Introduction
Randomised controlled trials (RCTs) are considered to be the best strategy in evaluating the effectiveness of medical interventions and they maintain a dominant position in the hierarchy of medical evidence(1). RCT outcomes are most often adopted into (inter) national clinical guidelines and have great influence on daily routine clinical practice. Unfortunately, obtaining evidence from RCTs is often hampered by failure to recruit enough patients within the pre-planned study period, leading to premature termination of the trial or extension of the study period(2).
Premature termination due to poor recruitment has been estimated to occur in 9-10% of all
RCTs(3-5). Variables that have been associated with poor recruitment are an overestimation of the number of eligible patients, a preference for one of the interventions by the patients, a high burden of the tested intervention for the patients, an unclear trial design, strict eligibility criteria, a lack of logistic support or a lack of funding(6-9).

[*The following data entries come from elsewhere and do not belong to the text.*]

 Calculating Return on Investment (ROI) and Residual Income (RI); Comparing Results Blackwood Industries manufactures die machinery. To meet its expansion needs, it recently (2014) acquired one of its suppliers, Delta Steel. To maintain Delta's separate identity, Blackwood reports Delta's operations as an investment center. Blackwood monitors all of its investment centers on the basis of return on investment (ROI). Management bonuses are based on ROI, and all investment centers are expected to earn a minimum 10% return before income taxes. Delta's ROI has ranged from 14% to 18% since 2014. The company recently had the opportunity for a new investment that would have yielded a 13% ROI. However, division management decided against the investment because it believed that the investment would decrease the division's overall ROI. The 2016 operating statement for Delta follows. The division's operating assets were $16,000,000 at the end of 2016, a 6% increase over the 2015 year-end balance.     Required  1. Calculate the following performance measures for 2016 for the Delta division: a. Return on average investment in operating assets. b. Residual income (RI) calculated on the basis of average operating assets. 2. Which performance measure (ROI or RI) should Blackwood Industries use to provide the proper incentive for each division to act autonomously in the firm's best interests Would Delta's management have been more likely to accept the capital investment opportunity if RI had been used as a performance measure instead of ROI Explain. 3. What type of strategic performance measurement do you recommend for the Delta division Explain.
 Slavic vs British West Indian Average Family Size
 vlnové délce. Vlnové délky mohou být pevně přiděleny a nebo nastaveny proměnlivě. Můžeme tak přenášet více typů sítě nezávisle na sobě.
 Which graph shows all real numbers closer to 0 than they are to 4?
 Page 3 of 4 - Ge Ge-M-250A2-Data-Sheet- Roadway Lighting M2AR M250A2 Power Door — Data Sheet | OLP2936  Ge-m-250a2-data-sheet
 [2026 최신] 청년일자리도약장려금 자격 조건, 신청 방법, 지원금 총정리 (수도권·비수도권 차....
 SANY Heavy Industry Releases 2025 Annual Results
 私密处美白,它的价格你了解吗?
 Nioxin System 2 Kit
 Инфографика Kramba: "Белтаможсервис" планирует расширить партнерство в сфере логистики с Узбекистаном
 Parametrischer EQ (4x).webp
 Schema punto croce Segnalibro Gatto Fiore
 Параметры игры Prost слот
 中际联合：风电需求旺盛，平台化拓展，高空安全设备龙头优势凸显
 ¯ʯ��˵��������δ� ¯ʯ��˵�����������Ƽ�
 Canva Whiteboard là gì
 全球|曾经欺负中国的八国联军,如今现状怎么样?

While the variables that may result in poor recruitment leading to premature termination of the trial are well known, much less is known on variables related to recruitment failure within the pre-planned study period, leading to extension of the study period.
The one study to investigate this matter, explored factors associated with recruitment in a cohort of 114 multicentre RCTs in more than nine clinical areas, including cancer, cardiology and obstetrics & gynaecology (18 RCTs had a clinical area classified as ‘other’), and funded by two public bodies in the United Kingdom; the UK Medical Research Council (MRC) and the Health Technology Assessment (HTA) Programme(5). RCTs that were funded by the MRC (as compared with the HTA) and were in the clinical area ‘cancer’, had better chances of good recruitment, which was a marginally statistically significant association. The vast heterogeneity of RCTs included in that study hampered the identification of other indicators associated with poor recruitment and did not allow the authors to provide useful advice for improvement.
A longer recruitment period may result in a shortage of resources possibly impacting the quality of the trial, limit the institutional capacity to start new RCTs, result in a trial that tries to answer a question that is no longer relevant, or result in premature termination of the study, thus hindering a conclusion with sufficient statistical power(10).
To assess factors that are associated with recruitment failure within the pre-planned study period, we performed a nationwide cohort study of RCTs within the setting of the Dutch Consortium of Obstetrics & Gynaecology in the Netherlands. Such knowledge may be instrumental in helping researchers, trial centres and funding agencies to prevent this type of recruitment failure.